Prompt: Please print exactly the lines from the line containing "Enam Kios Pasar" through the end of the data, no more, and keep pictures out of the copy.

Dataset section:

'''

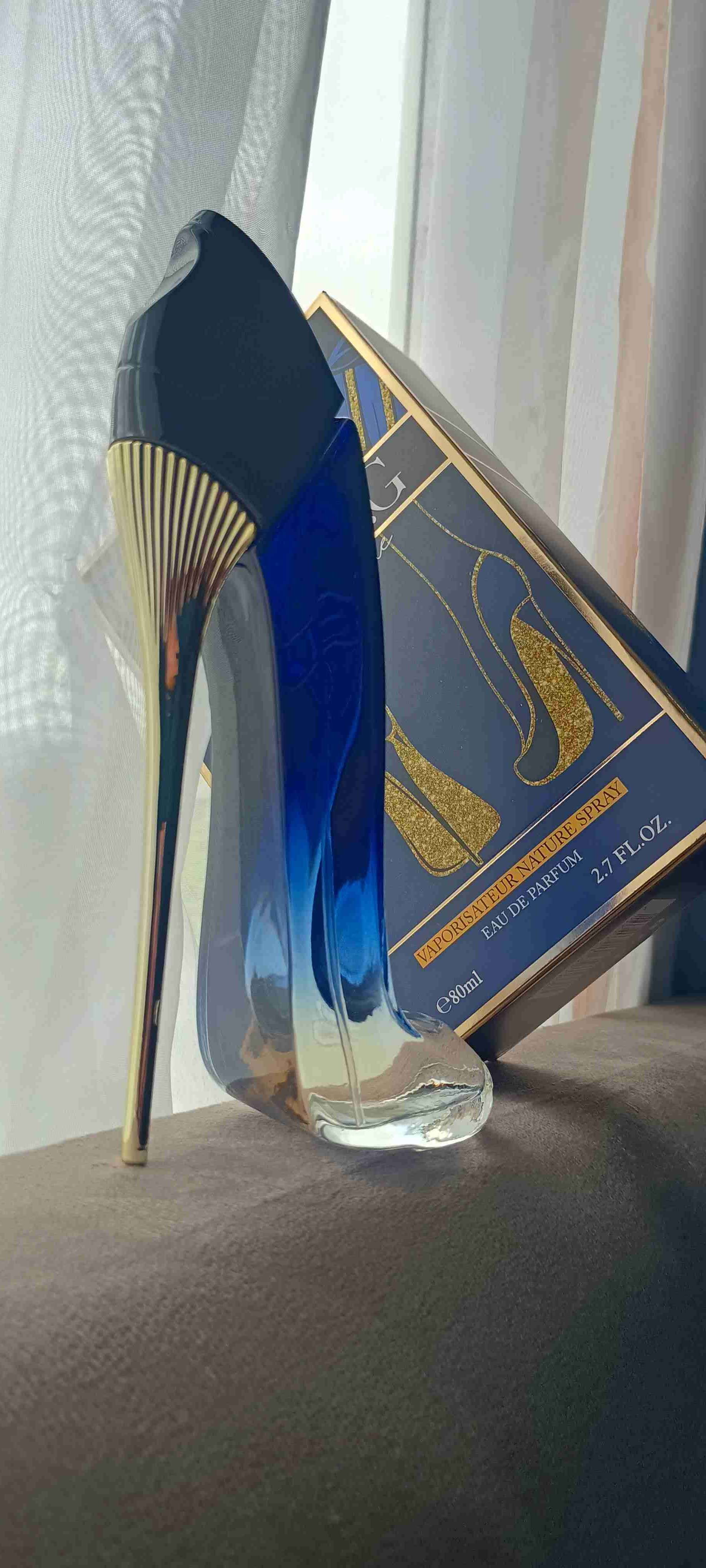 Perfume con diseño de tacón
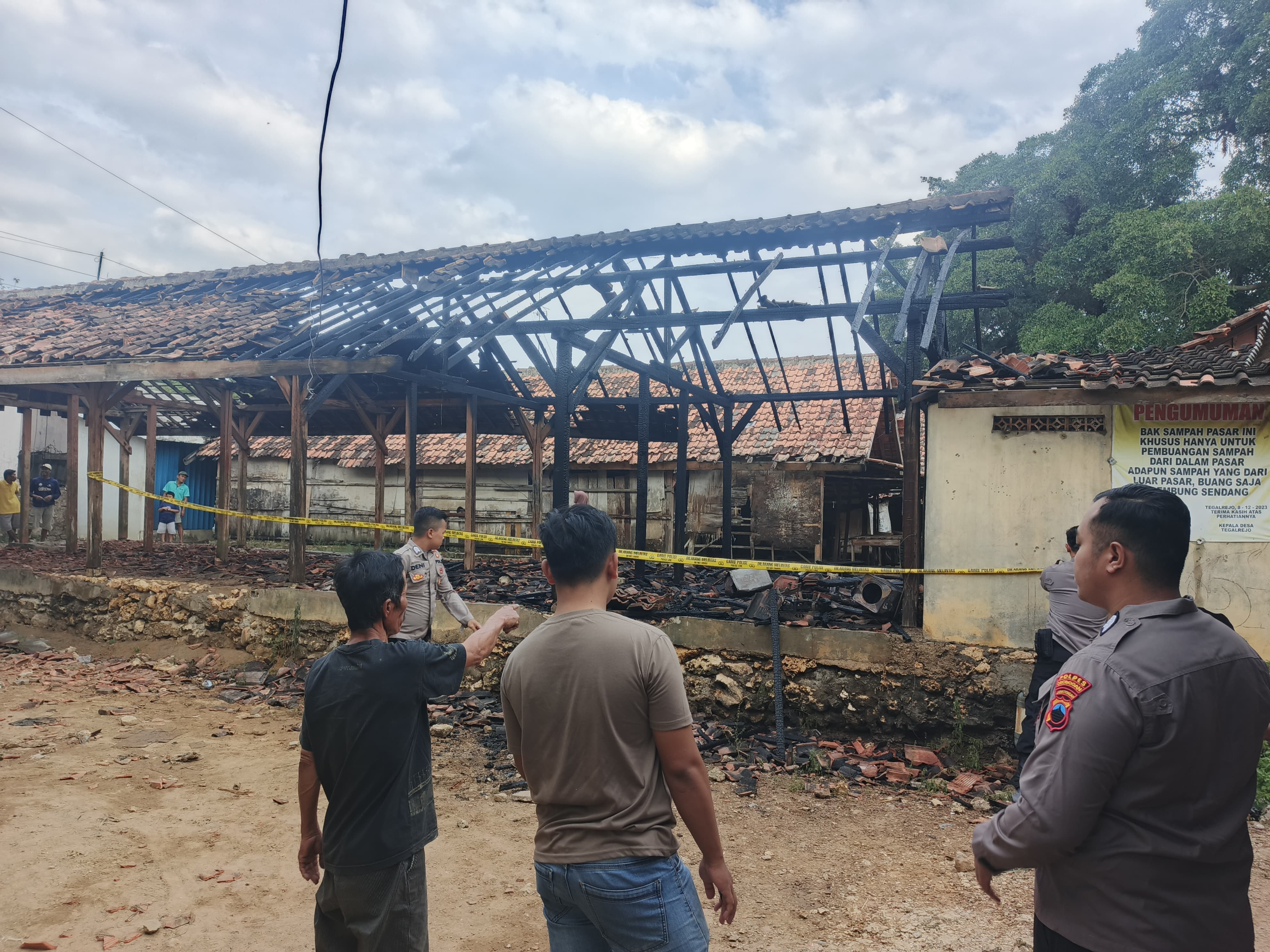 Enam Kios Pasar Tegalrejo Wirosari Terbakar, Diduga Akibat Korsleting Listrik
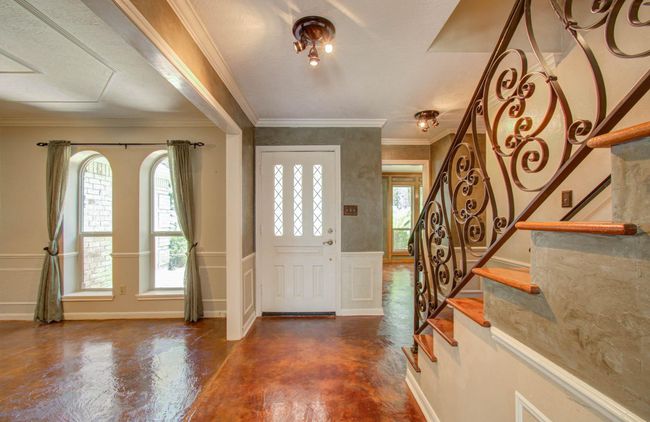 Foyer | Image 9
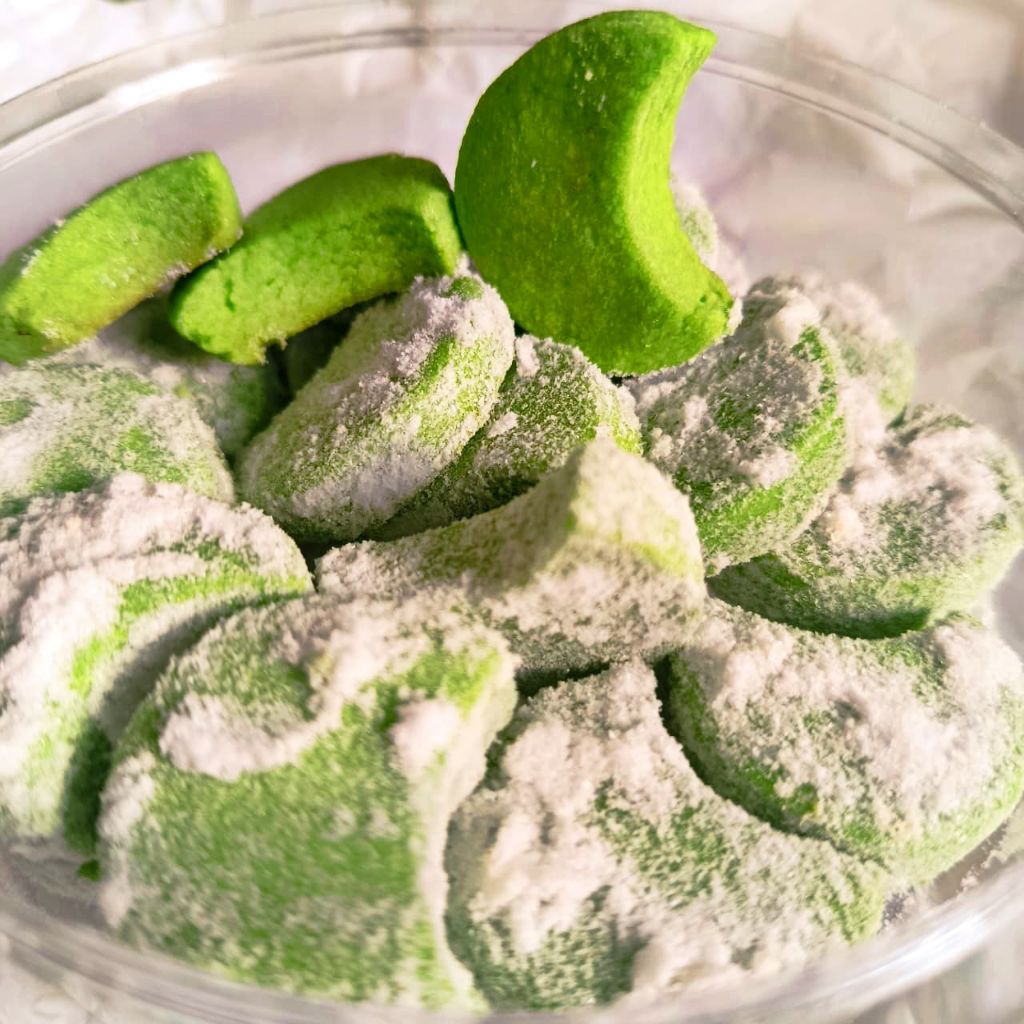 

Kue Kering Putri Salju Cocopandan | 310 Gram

'''

Response to the exercise:
 Enam Kios Pasar Tegalrejo Wirosari Terbakar, Diduga Akibat Korsleting Listrik
 Foyer | Image 9

Kue Kering Putri Salju Cocopandan | 310 Gram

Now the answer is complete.